The development of this document is funded by the National Science Foundation’s Course, Curriculum, and Laboratory Improvement (CCLI) program under Award No. 0618680 and 0231122. Permission is granted to copy, distribute and/or modify this document under the terms of the GNU Free Documentation License, Version 1.2 or any later version published by the Free Software Foundation. A copy of the license can be found at http://www.gnu.org/licenses/fdl.html.
1 Overview
Packet sniffing and spoofing are the two important concepts in network security; they are two major threats in network communication. Being able to understand these two threats is essential for understanding se- curity measures in networking. There are many packet sniffing and spoofing tools, such as Wireshark, Tcpdump, Netwox, etc. Some of these tools are widely used by security experts, as well as by attack- ers. Being able to use these tools is important for students, but what is more important for students in a network security course is to understand how these tools work, i.e., how packet sniffing and spoofing are implemented in software.

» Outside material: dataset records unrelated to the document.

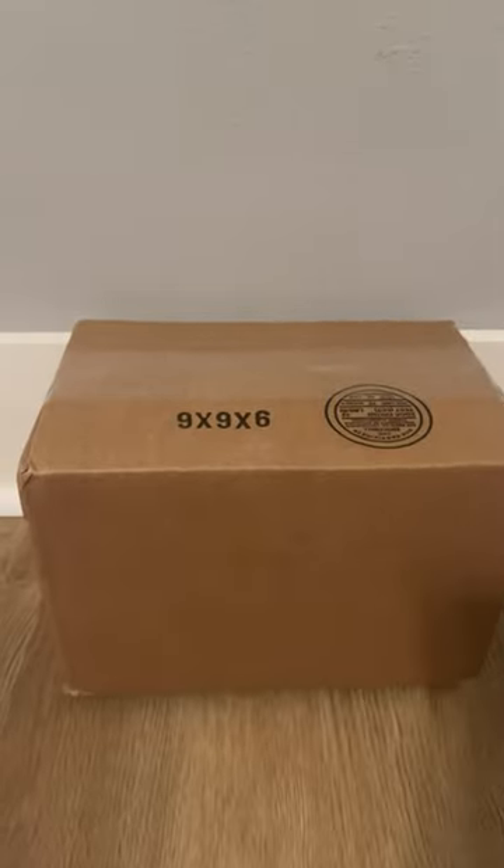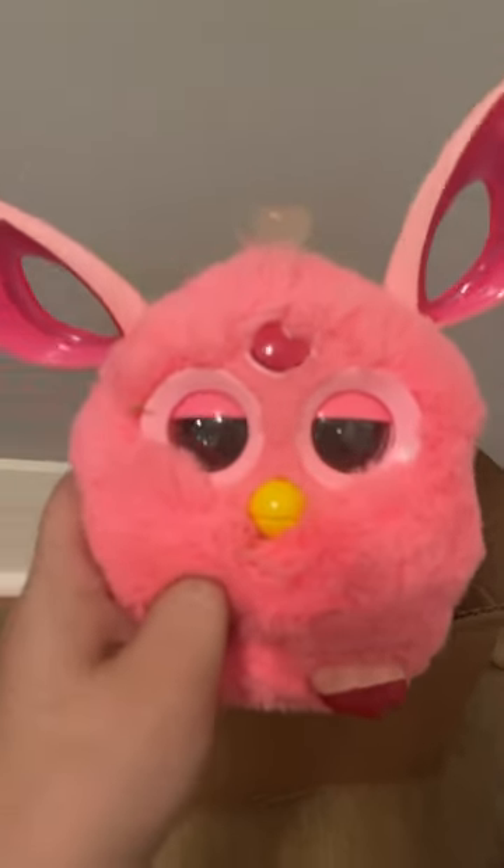I got a package. Let's open it up and see what's inside. Okay, here we go. Ooh, look at that! A little dirty, but it looks like we got a pink Furby Connect.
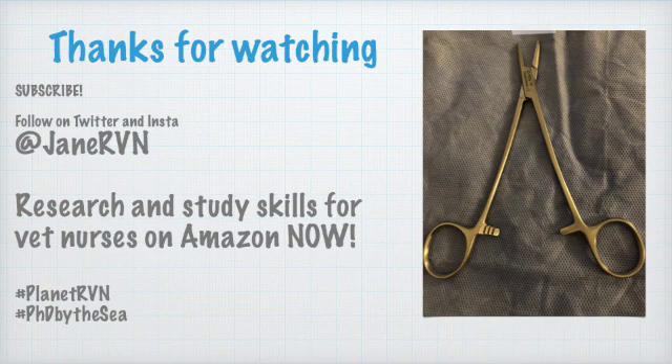Thanks so much for watching. Follow on Twitter and Instagram at Jane RVN. The Research and Study Skills for Vet Nurses book is on Amazon now, and check out hashtag Planet RVN and hashtag PhD by the Sea. You can subscribe on here too.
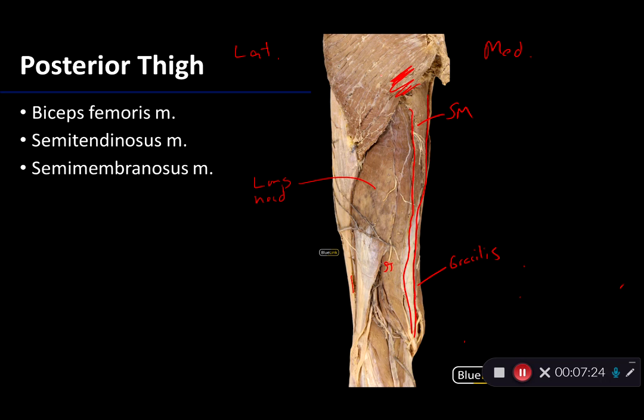It is very frequently enmeshed with fibers from both semitendinosus and biceps femoris. So these are the hamstrings, and this concludes our discussion of the posterior thigh. Thank you very much.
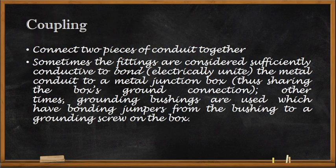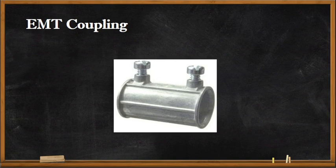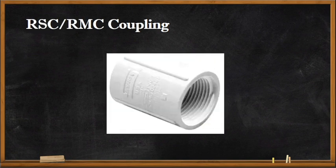A coupling is used to connect two pieces of conduit together. Sometimes the fittings are considered sufficiently conductive to electrically bond the metal conduit to a metal junction box, sharing the box ground connection. Other times grounding bushings are used, which have bonding jumpers from the bushing to a grounding screw on the box.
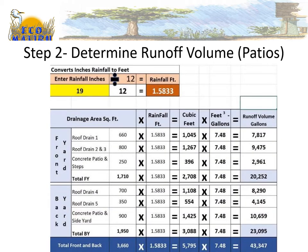I can also use this calculator to see how much rainfall will be generated in an entire year. The average rainfall where this house is located is 19 inches per year, which becomes 1.58 feet of rainfall. When you add it all up, you get 43,347 gallons of runoff that will be captured in the rain garden during the entire year.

The objective of this lab is for students to master the technologies underlying most of the sniffing and spoofing tools. Students will play with some simple sniffer and spoofing programs, read their source code, modify them, and eventually gain an in-depth understanding on the technical aspects of these programs. At the end of this lab, students should be able to write their own sniffing and spoofing programs.
2 Lab Tasks
2.1 Task 1: Writing Packet Sniffing Program
Sniffer programs can be easily written using the pcap library. With pcap, the task of sniffers becomes invoking a simple sequence of procedures in the pcap library. At the end of the sequence, packets will be put in buffer for further processing as soon as they are captured. All the details of packet capturing are handled by the pcap library. Tim Carstens has written a tutorial on how to use pcap library to write a sniffer program. The tutorial is available at http://www.tcpdump.org/pcap.htm. In this task, you need to read the tutorial, play with the program sniffex included in the tutorial, read the source code sniffex.c, and solve the following problems:
Problem 1: Please use your own words to describe the sequence of the library calls that are essential for sniffer programs. This is meant to be a summary, not detailed explanation like the one in the tutorial.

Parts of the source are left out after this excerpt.